Doug Reeves directed us all to call him on doing something stupid. He flatly tells us to not fly in an airplane with a “car engine.” Seriously? What exactly does he consider an “aircraft engine?” Where does the venerable Rotax 912 fit into this spectrum? I fly a Sonex with an AeroVee engine that I built myself. I must be the craziest, most daring pilot around. It’s a wonder I have been able to cheat death for the last 80-plus hours! Does he know that some of the major aircraft engine producers also made engines for cars?
This really flies in the face of what kit planes should be about. I don’t fault him for being conservative, but to condemn those who are a little more adventurous is nuts.
Thanks for publishing articles on a most needed subject concerning flight safety. Many pilots probably think accidents only happen to others, but they need to be reminded and enlightened with the possibilities. Some may think Doug Reeves went too far, but he didn’t mention the chances for survival in a low-wing airplane that turns over in an accident, especially off field and in the event of a fire. I have seen pictures of this, and the chances of escape are slim without help. Getting out of an airplane quickly is paramount. Low-wing airplanes make a lot of sense from a strength and simplicity viewpoint, and they project the fighter-pilot image, but they are not in the best interest of safety. Why aren’t there more kits for high-performance, high-wing airplanes? Steve Wittman had the right idea with his Tailwind.

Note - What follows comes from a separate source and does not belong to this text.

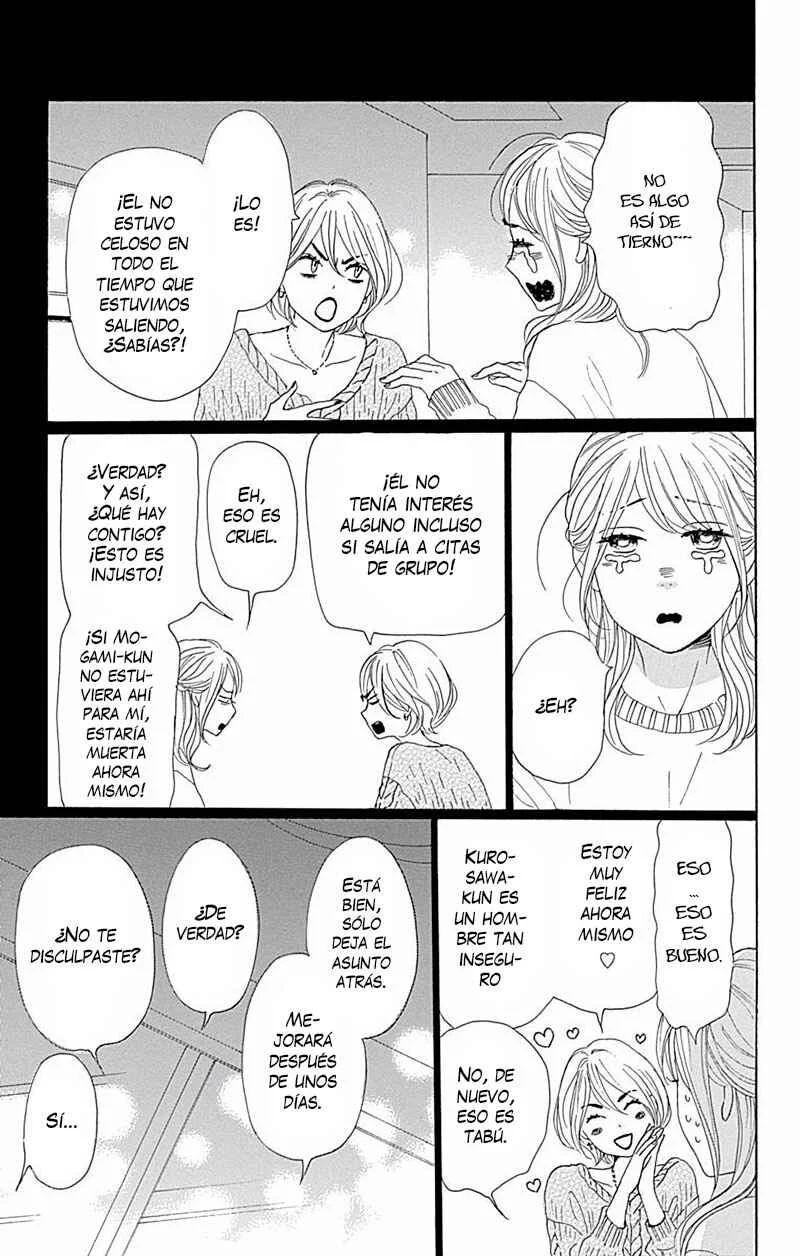 Dame na Watashi ni Koishite Kudasai Returns Capítulo 4: Sección 4 - Page 15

I enjoyed Richard VanGrunsven’s article [“Unusual Attitude,” January 2012] on improving safety and agreed with every point. And Doug Reeves’ comments are relevant enhancements. However, something has been missing in all of this, and it is the role of the kit manufacturer in improving safety.

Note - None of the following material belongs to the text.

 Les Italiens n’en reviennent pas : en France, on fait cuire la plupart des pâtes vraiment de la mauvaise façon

There are a number of ways where the kit manufacturer has ample opportunity to have an effect on the safe use of its product. First is design. The plane doesn’t have to be easy to fly, but it has to be predictable within the scope of its mission whether cruising, back country exploration or aerobatic. Then there is crash survivability—pilot protection in tip overs and impacts, easy exit, cabin design to minimize injury, and materials and design that minimize fire danger are only some of the areas that occur to me. Over-designing critical areas so that amateur building mistakes don’t cause in-flight failure is yet another area. And, finally, clear instructions so that the manufacturer’s intention is clear to the builder. I think that sometimes these elements get overlooked in the search for performance and appearance.
Department of Corrections
February 2012: On Page 44, the carburetor shown is an AvStar. (Thanks, Michael Grome). On Page 52, the “36 Euros for a full recharge” should have read .36 Euros.
In March 2012, on Page 21, the LSA weight requirement is listed as 1320 pounds or less empty; it should have read 1320 pounds or less gross.